Jon Fosse and the Continuing Experiment

In my middle age, I have grown a real taste… may I say even a delight… when artists experiment with the fabric of their art form. For writing, well, that form comes in words and rhetorical structures with sentences. As I have said many a blog, writing is simply placing one word next to another (left to right/top to bottom), building paragraphs one after the other in order to paint word pictures in the reader’s imagination as she decodes the syntax. The theater of the mind.

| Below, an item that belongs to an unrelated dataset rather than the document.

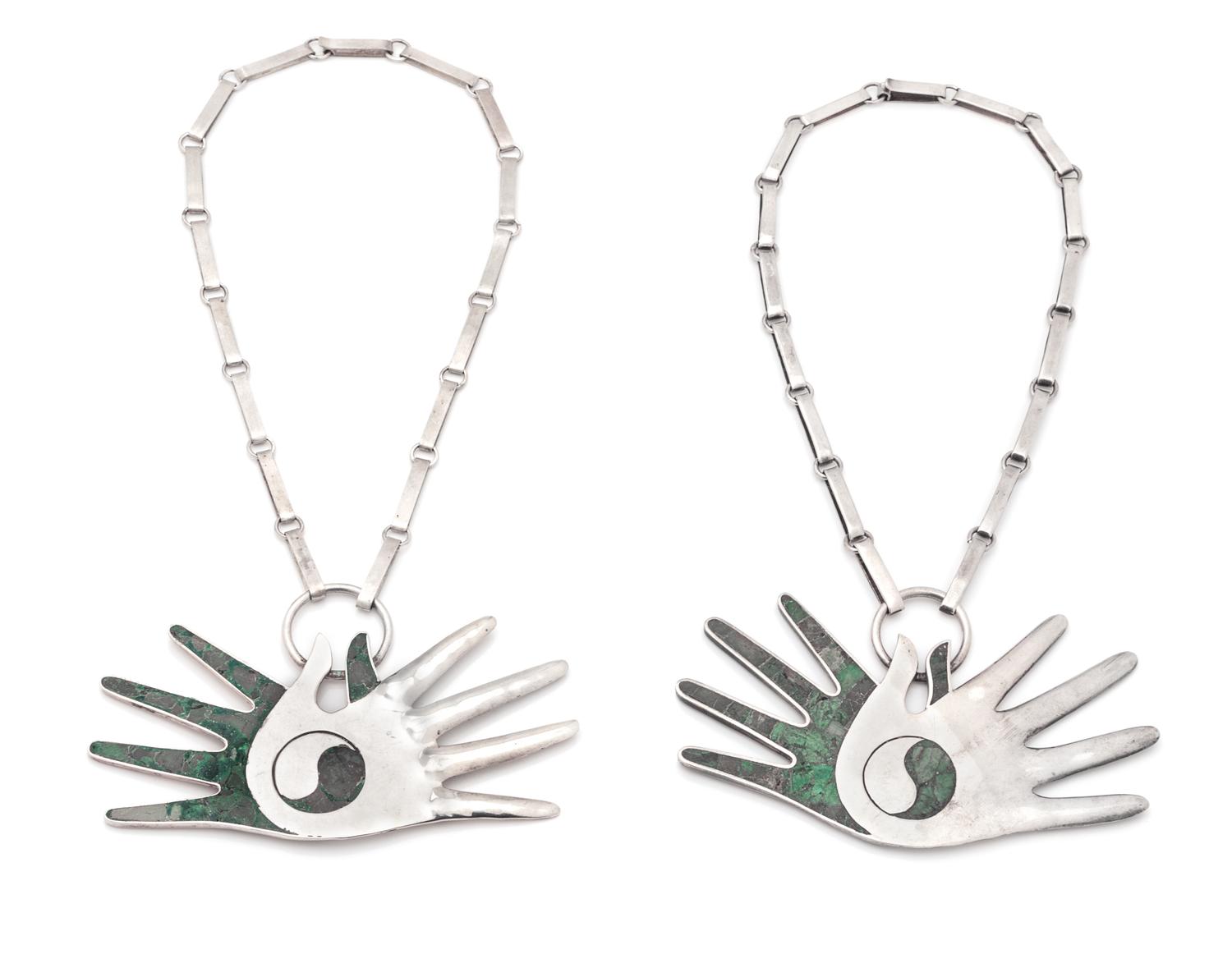 A Pair Sterling Silver and Turquoise Crossed Hands Necklaces, 116.00 dwts.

Fosse is a Norwegian writer who just won the Nobel Prize for Literature. He has been pumping out novels and plays since the 1980’s. Relatively unheard of in the US, well known in West, and this made me curious because I had never heard of him, even a mention of him. So, I do what I always do when I hear about a great writer winning a great award. I bought a copy of the works. Well, imagine my absolute thrill when I received my copy of Jon Fosse’s Septology I – II The Other Name (translated by Damion Searls). I open to the first page and begin….

Oh! Oh man! Ohohohohohohohohoho! What do we have here, my little beauty! I read from left to right and top to bottom and never is there an end mark (maybe a question mark here and there). I read and read and read… no paragraphs! I read and read and read and page after page after page and soon (all resistance to the text subdued – and brother let me tell you, it was resistance!) I am deeply into the main character’s head, a Joycean dream; a powerful characterization pronounced and incredibly moving, a simple scene of a man driving, thinking as he passes a friend’s house, imagining the alcoholic suffering as he shakes on the couch, imagining his thoughts as he desires a drink… maybe a cigarette, imagines it all and then questions his reason for not stopping, questions his morality, his Christianity, a God that allows suffering… and I’m still reading from left to right/top to bottom… I am with him… I am in him… I am him – resistance gone… no paragraphs, no end marks… and yet I understand it all and am deeply, deeply (profoundly?) moved.

There is a reason great artists are not understood in their lifetime. There is a reason great art sustains the test of time. The techniques are those that try to break the medium, pull back, back, back, just so… yes, that’s it… this is the way to tell this story. A handful of sales, a handful of readers, but a work that will speak into the future… for as long as humans open books.